[My experience & Guide] UT Turing Scholars Class of 2024

This is not really a comprehensive guide, but I hope it’s useful enough to get y’all interested in TURING SCHOLARS!!!

[ABOUT TURING SCHOLARS]
The CS Honors route - Turing Scholars- allows you to take 3 semesters of UT CS- which is already hard- in just 2 semesters, which allows you to take harder classes later on. Being a Turing Scholar means that you also are expected to conduct research/write a graduate-level thesis and do internships in college and are given smaller class sizes.

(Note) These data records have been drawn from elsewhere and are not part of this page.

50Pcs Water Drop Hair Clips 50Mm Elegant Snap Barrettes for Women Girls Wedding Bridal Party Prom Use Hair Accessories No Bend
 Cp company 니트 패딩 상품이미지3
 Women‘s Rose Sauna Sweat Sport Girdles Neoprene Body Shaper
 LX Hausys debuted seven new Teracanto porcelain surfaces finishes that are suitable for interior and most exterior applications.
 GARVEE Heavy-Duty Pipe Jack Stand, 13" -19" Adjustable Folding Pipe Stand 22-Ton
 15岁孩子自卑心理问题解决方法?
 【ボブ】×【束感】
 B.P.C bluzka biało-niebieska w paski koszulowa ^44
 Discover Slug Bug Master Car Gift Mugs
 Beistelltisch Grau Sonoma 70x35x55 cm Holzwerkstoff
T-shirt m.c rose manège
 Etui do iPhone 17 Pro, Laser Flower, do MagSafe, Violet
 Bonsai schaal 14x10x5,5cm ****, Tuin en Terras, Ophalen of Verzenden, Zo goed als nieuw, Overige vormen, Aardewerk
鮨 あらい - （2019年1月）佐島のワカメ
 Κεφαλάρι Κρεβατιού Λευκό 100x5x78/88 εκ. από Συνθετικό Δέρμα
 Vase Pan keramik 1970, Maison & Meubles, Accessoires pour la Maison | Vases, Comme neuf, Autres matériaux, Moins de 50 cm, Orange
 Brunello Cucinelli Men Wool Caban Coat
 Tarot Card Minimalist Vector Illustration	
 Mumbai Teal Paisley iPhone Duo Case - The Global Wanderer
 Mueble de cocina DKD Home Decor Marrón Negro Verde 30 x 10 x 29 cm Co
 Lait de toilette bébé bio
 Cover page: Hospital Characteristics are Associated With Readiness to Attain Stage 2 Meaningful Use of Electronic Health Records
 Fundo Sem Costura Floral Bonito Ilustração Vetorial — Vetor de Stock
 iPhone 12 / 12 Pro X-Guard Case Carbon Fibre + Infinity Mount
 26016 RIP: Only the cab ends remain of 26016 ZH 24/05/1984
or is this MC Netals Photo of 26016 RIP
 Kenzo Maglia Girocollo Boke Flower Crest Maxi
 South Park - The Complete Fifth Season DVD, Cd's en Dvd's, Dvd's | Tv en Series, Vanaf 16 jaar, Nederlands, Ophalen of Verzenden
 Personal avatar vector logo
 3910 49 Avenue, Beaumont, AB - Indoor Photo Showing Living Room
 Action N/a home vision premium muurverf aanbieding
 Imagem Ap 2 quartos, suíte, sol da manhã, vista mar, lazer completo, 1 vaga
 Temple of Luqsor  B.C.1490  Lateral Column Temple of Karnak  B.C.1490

[BENEFITS AFTER GRADUATION]

  1. You already probably have more internships than other UT CS or internships of higher quality
  2. You've written a MASTERs thesis already.
  3. This is the one I can't put concrete numbers on but it's a super amazing thing to put on a resume. Obviously people who don't know what UT is won't know about it, but UT is a HUGE school!!! Admittedly, I live in the Austin area, but all of my teachers knew what the Turing Scholar program was and were really impressed that I was accepted to the program. People even talk about me at the other school, they're like it's that dude that was accepted to the Turing Scholar's program.

[SUMMARY]
So being a Turing Scholar is really grueling, but it’s payoff is way higher than an already very high UTCS payoff.

[MY STORY]

I was contacted by Calvin Lin early January regarding my application, where he asked me to set up an interview on Skype or in person. Since I lived close enough to him, I went down to UT in person and we had a technical interview. I won’t spoil the interview prompt because he asked me specifically not to, but it was a challenging problem that required quite a bit of thinking. A couple of weeks later, I received an email saying that my MyStatus was updated and then I was accepted!

  • See y’all at >goto_Turing in 2020!

My Stats:
SAT 2 Math 2 - 800
SAT Math- 800
4.0 GPA
I took AP CSP and CSA and got 5s on both of them.

These are obviously highlights, I didn’t do nearly as well in EBRW or my other subject test. But I had the base-level knowledge of

  1. How to code
  2. What makes coding efficient (Big O notation)
  3. Thinking somewhat outside of the box.

I hope this helped with y’alls college search at UT, and what you can expect from the Turing Scholar’s program from now on.

Thoughts? Questions? Comments? Your stories?